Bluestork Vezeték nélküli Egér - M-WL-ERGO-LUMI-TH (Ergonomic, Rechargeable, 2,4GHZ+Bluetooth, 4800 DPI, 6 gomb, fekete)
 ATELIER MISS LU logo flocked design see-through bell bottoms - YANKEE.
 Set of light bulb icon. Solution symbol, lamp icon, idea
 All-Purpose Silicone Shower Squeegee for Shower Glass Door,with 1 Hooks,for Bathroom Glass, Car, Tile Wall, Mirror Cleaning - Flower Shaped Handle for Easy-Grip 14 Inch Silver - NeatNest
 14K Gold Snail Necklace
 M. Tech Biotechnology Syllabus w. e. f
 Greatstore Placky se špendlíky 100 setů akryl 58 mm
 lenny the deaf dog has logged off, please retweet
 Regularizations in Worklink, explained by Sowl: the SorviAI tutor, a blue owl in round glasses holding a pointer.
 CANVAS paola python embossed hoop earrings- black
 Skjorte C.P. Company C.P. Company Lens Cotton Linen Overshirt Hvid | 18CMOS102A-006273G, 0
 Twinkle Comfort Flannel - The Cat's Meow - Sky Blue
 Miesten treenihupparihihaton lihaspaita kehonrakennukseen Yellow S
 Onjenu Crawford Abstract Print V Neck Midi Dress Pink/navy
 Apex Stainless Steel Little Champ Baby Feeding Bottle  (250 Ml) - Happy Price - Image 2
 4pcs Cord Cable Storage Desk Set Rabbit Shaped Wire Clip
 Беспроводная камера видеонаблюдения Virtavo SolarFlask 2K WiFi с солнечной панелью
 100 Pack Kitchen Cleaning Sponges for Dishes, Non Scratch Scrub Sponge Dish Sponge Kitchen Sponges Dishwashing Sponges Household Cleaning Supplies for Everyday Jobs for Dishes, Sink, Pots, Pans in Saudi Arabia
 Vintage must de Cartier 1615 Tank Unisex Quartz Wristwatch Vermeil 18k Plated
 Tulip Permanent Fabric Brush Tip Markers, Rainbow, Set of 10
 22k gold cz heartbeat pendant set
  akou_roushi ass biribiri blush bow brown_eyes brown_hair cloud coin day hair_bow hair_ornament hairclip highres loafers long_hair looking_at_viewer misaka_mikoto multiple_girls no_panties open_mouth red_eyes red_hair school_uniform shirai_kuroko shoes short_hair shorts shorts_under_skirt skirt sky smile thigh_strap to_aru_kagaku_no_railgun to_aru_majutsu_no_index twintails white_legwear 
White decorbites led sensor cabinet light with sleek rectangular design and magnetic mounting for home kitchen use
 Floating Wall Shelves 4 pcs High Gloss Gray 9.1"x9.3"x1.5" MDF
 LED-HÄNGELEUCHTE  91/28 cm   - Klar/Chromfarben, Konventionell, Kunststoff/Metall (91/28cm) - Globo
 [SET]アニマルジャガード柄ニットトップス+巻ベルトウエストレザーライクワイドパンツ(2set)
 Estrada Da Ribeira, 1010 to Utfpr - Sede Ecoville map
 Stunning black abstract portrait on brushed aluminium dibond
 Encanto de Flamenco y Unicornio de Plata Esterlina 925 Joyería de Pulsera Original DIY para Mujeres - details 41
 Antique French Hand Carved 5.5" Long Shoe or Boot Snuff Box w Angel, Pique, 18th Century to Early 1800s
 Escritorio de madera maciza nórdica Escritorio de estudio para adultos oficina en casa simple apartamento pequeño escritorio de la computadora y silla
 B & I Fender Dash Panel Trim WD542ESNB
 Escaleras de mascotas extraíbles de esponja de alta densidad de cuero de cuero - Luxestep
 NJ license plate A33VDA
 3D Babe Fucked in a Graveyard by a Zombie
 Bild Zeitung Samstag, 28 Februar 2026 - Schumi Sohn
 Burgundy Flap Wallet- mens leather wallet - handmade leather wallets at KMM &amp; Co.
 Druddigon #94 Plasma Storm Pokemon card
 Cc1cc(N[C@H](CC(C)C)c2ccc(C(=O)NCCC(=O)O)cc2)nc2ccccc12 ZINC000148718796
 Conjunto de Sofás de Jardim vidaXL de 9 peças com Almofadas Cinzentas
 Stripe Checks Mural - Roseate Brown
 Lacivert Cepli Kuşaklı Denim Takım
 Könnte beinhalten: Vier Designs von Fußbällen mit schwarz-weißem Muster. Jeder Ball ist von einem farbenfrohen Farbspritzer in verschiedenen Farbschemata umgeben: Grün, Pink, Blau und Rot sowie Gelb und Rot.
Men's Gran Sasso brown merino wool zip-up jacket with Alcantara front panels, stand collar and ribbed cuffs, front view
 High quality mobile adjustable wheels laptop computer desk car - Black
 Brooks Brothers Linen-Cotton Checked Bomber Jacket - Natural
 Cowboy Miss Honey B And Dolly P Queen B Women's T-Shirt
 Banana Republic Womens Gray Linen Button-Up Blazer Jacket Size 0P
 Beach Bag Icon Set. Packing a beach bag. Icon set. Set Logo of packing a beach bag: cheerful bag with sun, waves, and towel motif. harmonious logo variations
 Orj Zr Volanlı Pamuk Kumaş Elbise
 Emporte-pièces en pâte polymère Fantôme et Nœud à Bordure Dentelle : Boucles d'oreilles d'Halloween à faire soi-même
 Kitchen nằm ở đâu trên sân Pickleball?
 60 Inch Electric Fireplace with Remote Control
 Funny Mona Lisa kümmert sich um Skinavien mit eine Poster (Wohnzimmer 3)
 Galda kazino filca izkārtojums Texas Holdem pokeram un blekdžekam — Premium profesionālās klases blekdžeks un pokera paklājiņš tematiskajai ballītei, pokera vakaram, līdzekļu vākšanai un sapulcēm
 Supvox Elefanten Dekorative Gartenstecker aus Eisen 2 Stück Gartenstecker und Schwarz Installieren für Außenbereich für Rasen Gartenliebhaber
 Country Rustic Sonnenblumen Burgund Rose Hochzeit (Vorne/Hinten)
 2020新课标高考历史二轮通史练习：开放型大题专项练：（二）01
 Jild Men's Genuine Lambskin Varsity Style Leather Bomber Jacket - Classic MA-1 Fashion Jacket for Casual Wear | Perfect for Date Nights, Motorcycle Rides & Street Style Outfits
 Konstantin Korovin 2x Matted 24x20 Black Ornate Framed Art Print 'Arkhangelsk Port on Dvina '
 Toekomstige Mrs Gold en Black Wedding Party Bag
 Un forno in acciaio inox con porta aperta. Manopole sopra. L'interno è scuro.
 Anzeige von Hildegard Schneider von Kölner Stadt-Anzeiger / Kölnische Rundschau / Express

YOUR TASK
From the line with "Jild Men's Genuine" to the final line of the entries above, return every line exactly as written.

THE COMPLETED TASK
 Jild Men's Genuine Lambskin Varsity Style Leather Bomber Jacket - Classic MA-1 Fashion Jacket for Casual Wear | Perfect for Date Nights, Motorcycle Rides & Street Style Outfits
 Konstantin Korovin 2x Matted 24x20 Black Ornate Framed Art Print 'Arkhangelsk Port on Dvina '
 Toekomstige Mrs Gold en Black Wedding Party Bag
 Un forno in acciaio inox con porta aperta. Manopole sopra. L'interno è scuro.
 Anzeige von Hildegard Schneider von Kölner Stadt-Anzeiger / Kölnische Rundschau / Express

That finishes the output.